By Kyle Christopher
Our CEO, Reid Smith-Vaniz, and the Reliant Storage Doc, Dan Barber, made their way out to San Francisco two weeks ago for VMworld 2013. With such an overload of information from the 4-day conference, I interviewed Dan to boil down what we think are the most important takeaways for you.
Here are a few data storage trends you’ll be hearing a lot more about in the coming months.
The Software-Defined Data Center (SDDC)
Hardware is no longer the differentiator with regard to storage. The differentiating factor among storage vendors is now the software features they offer. You can now manage your virtualization and your RAID groups via your software. We have written previous blogs on ways you can use an SDDC to dramatically reduce costs and utilize existing or pre-owned storage hardware.
Software-Defined Storage (SDS)
Software is what gives businesses the agility and flexibility to change data configurations to grow and adapt as needed. The result is that you may have more flexibility on the boxes you use going forward instead of feeling like you’re locked into an upgrade cycle with your current VAR. Software-defined storage will allow you more hardware options.
Automation has grown so much in the last 10 – 15 years since ESX has been around. Now we have VM templates being deployed very quickly so the time to market and provisioning of services and new projects is dramatically reduced. However, it’s still very much a manual process when we talk about configuration. Automation is about creating workflows. Automation will radically simplify the VM deployment process and other management functions. It’s all about automating the manual processes we regularly do, which can be automated for a much faster time to market.
Where Storage Is Headed
Flash is going to become a new performance tier. Flash prices will drop, adoption will grow and capacities will increase. Better yet, SSD drives will continue to be excellent performers, even while their prices drop significantly. This will create an excellent opportunity to expand your environment to meet data demands. The price of storage rentals will continue to drop, which will free up more time and money while you weigh your options for longer-term solutions.
The problem we have right now is that as compute performance has increased, access to that data has not proportionally increased. Now we have a huge gap between the amount of data we’re storing the rate at which it can be accessed. Flash will hopefully reduce that gap and allow fast access to all that data. We’re also going to have different levels of flash tiers.
Fibre Chanel or Ethernet? What’s the future?
To answer this question we need to consider two items. Firstly, we need to consider the purely technical perspective. Secondly, we must consider the organizational, or business, components.
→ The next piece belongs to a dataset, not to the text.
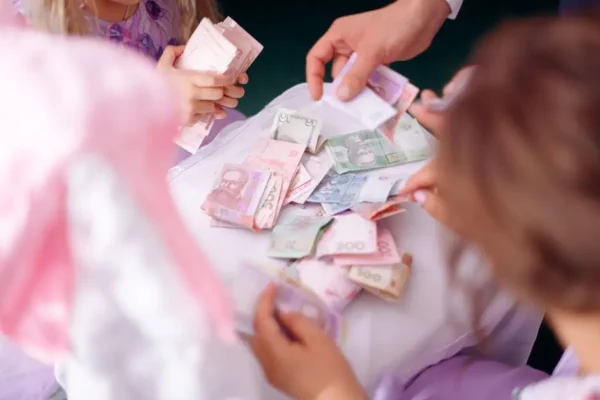 „Poznaj Finanse” – nowy pakiet edukacyjny trafił do wszystkich szkół podstawowych w Polsce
Technically speaking, it seems most storage professionals agree that Ethernet has a bigger path to bigger bandwidth. Speaking organizationally, a lot of questions revolve around organizational policy and division of responsibilities. The Fibre Channel versus Ethernet question is as much a technical issue as it is a business and policy issue, which companies are still figuring out how to address. There remains a question around ownership. In essence, who owns the Ethernet switch? Is it the network team or the storage team? Both technical and business perspectives will need to be worked out on an organizational level before we see a mass move to one or the other.